Your goal: Omit the pictures. Transcribe exactly the lines below, from the one with "spannstichkissen gekleurde vierkanten" up to and including the last.

Data:
+ + + +

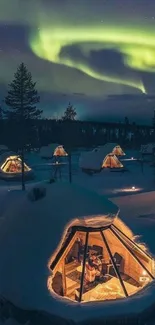 Northern Lights over snowy cabins in a serene winter landscape.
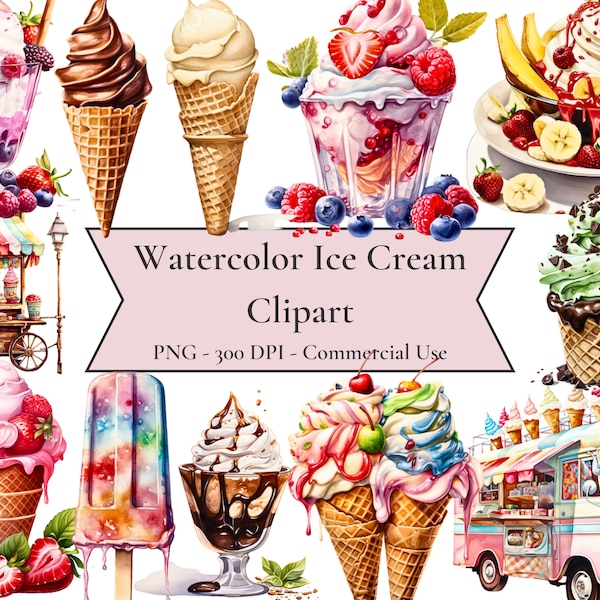 Aquarell Eis Clipart, Eisbecher, Eisbecher, Eiswagen, Sommer süße Leckereien, leckere Desserts, PNG sofortiger Download, kommerzielle Nutzung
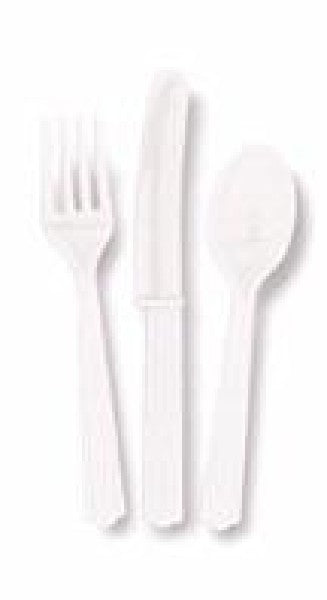White Plastic Cutlery Set - 6 People
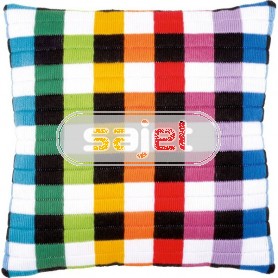 spannstichkissen gekleurde vierkanten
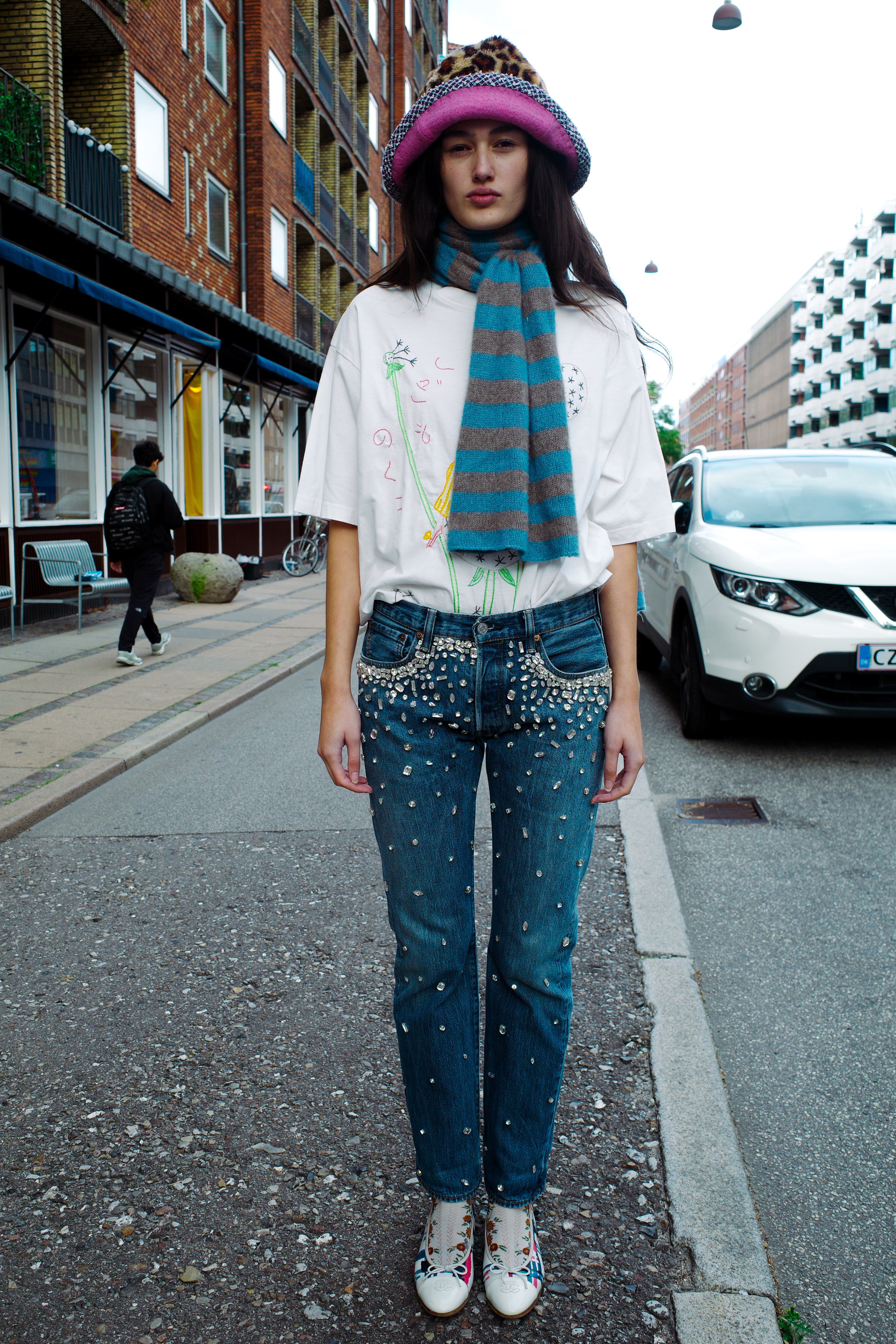 Upcycled Denim Jeans - Diamonds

+ + + +

Solution to this task:
 spannstichkissen gekleurde vierkanten
 Upcycled Denim Jeans - Diamonds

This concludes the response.